Jamie Cooke

Personal information
- Nationality: British
- Born: 3 March 1991 (age 35)
- Height: 1.82 m (6 ft 0 in)
- Weight: 73 kg (161 lb)

Sport
- Country: Great Britain
- Sport: Modern pentathlon

Achievements and titles
- World finals: , 2018 Individual
- Regional finals: , 2019 Individual . 2019 Team

Medal record
Men's modern pentathlon
Representing Great Britain
World Championships
| Gold medal – first place | 2018 Mexico City | Individual |
| Silver medal – second place | 2018 Mexico City | Team |
European Championships
| Gold medal – first place | 2019 Bath | Individual |
| Gold medal – first place | 2019 Bath | Team |
| Bronze medal – third place | 2013 Drzonków | Team |

= James Cooke (pentathlete) =

British modern pentathlete

James Cooke (born 3 March 1991) is a British modern pentathlete. Cooke is both the 2018 World and 2019 European champion in the individual event, and the 2019 European Champion in the Team event with Tom Toolis and Joe Choong.

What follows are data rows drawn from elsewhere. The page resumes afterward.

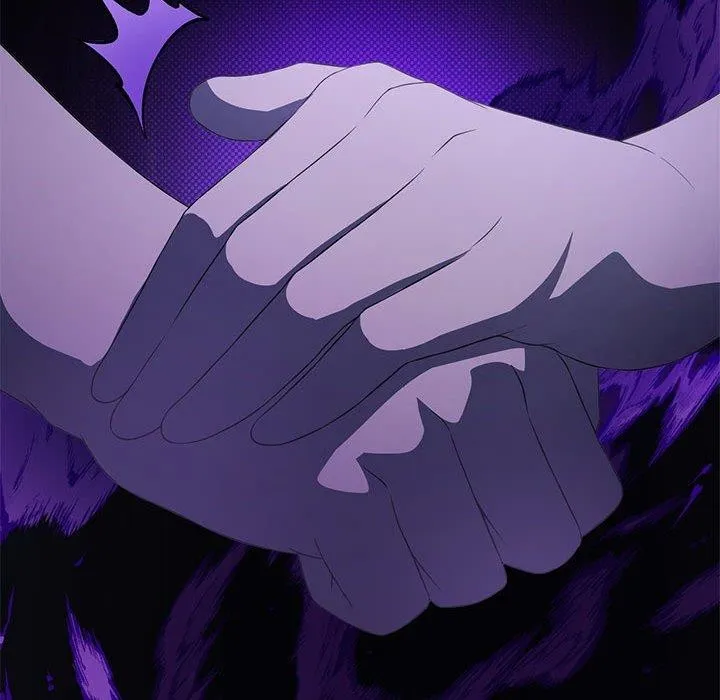 我靠升级逆袭成为大师 第35話 第92页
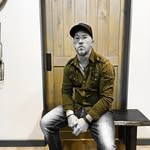Matthew Keffer - @mattkeffer - Instagram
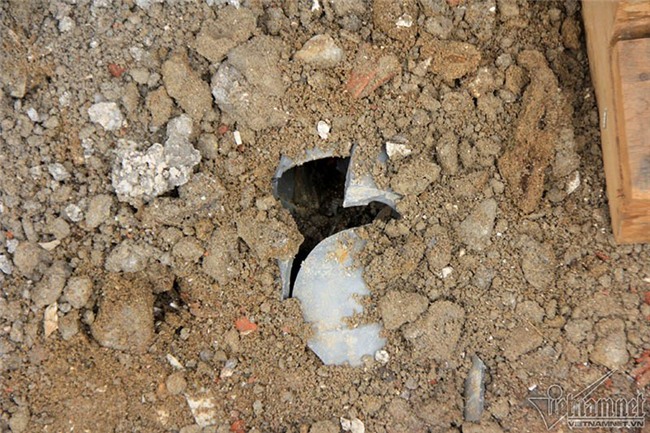 vỉa hè, vỉa hè Hà Nội, phá bậc tam cấp, lấn chiếm vỉa hè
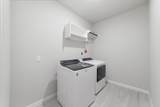 906 Pismo Lane - Photo 16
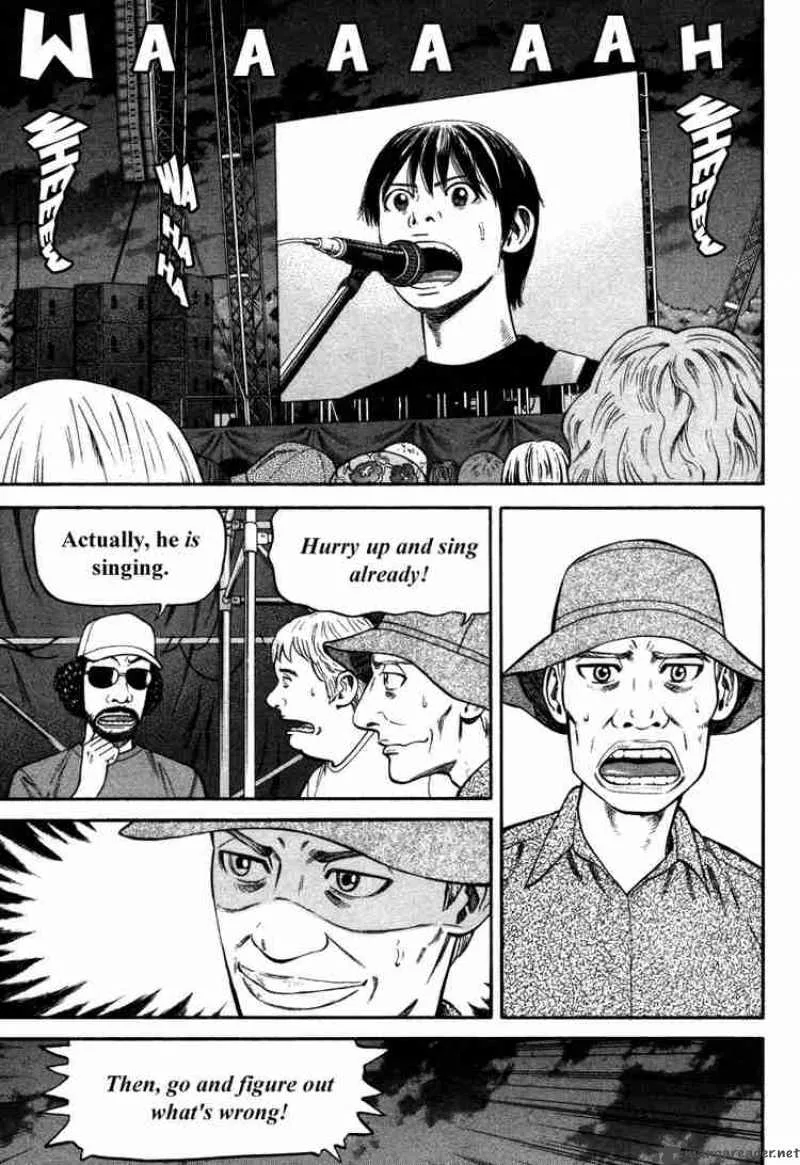 Beck Chapter 91 page 38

In 2022 Cooke announced about his retirement as pentathlete and new career as the head coach for Greek modern pentathlon national team.

==Career==
Cooke competed at the 2016 Summer Olympics in Rio de Janeiro, in the men's event, where he finished 14th.

At the 2018 World Modern Pentathlon Championships held in Mexico City, Cooke overtook Valentin Prades who had celebrated too early to finish in first place. He also won a team silver together with Joe Choong and Myles Pillage.

In 2019, at the European Championships held in Bath, Somerset, Cooke won a gold in the individual event. He also won a team gold with Choong and Tom Toolis.

In 2021, Cooke competed at the delayed 2020 Summer Olympics in Tokyo, Japan in the Men's event. He finished 9th in the event won by his teammate Joe Choong.